(EXERCISE REQUIREMENTS)
Retype, word for word, every line of the records below starting at the one that contains "PME Folie Baking" and ending at the one that contains "Dormitor Ideal Mobila"; include both of those lines and nothing more.

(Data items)
◆ ◆ ◆ ◆ ◆ ◆ ◆

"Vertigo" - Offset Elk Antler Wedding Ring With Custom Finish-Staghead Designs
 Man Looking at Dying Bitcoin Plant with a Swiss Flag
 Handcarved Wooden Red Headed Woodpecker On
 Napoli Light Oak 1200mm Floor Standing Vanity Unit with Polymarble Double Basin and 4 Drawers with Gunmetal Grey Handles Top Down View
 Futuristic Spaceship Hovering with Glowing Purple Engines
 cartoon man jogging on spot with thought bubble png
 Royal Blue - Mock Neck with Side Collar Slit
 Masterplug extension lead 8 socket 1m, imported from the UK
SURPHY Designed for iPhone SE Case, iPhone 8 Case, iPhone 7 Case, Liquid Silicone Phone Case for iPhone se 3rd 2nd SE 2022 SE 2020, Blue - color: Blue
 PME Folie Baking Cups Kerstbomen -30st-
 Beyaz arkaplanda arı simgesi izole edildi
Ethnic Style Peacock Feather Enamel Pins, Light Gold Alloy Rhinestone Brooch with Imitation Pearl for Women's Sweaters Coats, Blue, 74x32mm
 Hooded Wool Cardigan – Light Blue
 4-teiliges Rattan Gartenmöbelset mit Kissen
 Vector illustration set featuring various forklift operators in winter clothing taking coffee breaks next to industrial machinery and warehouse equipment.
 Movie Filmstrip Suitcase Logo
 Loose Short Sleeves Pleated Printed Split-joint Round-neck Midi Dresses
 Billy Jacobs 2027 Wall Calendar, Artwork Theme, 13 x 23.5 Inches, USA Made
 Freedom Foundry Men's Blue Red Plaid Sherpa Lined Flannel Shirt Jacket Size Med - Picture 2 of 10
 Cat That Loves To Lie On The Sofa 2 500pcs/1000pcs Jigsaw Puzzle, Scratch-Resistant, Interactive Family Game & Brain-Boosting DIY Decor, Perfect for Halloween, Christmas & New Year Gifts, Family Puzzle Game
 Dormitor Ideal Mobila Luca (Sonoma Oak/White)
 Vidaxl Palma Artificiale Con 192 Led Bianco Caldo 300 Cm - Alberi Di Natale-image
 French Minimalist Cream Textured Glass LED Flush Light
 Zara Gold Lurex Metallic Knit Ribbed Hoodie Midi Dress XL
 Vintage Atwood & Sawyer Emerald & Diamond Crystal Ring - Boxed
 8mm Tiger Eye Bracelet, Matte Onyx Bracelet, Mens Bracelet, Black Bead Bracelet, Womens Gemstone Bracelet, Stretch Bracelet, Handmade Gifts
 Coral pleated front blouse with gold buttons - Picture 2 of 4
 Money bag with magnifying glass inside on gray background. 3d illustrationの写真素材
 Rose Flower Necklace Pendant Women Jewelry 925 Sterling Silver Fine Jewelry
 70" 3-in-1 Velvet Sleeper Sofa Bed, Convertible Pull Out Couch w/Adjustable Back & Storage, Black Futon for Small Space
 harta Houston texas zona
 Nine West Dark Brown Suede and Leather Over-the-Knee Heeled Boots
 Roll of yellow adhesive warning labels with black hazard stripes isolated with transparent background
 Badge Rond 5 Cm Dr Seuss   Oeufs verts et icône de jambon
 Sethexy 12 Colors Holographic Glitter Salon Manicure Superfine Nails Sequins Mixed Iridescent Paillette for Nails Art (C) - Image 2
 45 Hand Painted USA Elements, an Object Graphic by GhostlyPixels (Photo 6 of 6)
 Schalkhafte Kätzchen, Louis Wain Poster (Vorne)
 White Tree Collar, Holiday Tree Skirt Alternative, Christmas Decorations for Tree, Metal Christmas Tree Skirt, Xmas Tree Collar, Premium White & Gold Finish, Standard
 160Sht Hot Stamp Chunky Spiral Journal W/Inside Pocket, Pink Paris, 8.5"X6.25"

◆ ◆ ◆ ◆ ◆ ◆ ◆

(FINISHED EXERCISE)
 PME Folie Baking Cups Kerstbomen -30st-
 Beyaz arkaplanda arı simgesi izole edildi
Ethnic Style Peacock Feather Enamel Pins, Light Gold Alloy Rhinestone Brooch with Imitation Pearl for Women's Sweaters Coats, Blue, 74x32mm
 Hooded Wool Cardigan – Light Blue
 4-teiliges Rattan Gartenmöbelset mit Kissen
 Vector illustration set featuring various forklift operators in winter clothing taking coffee breaks next to industrial machinery and warehouse equipment.
 Movie Filmstrip Suitcase Logo
 Loose Short Sleeves Pleated Printed Split-joint Round-neck Midi Dresses
 Billy Jacobs 2027 Wall Calendar, Artwork Theme, 13 x 23.5 Inches, USA Made
 Freedom Foundry Men's Blue Red Plaid Sherpa Lined Flannel Shirt Jacket Size Med - Picture 2 of 10
 Cat That Loves To Lie On The Sofa 2 500pcs/1000pcs Jigsaw Puzzle, Scratch-Resistant, Interactive Family Game & Brain-Boosting DIY Decor, Perfect for Halloween, Christmas & New Year Gifts, Family Puzzle Game
 Dormitor Ideal Mobila Luca (Sonoma Oak/White)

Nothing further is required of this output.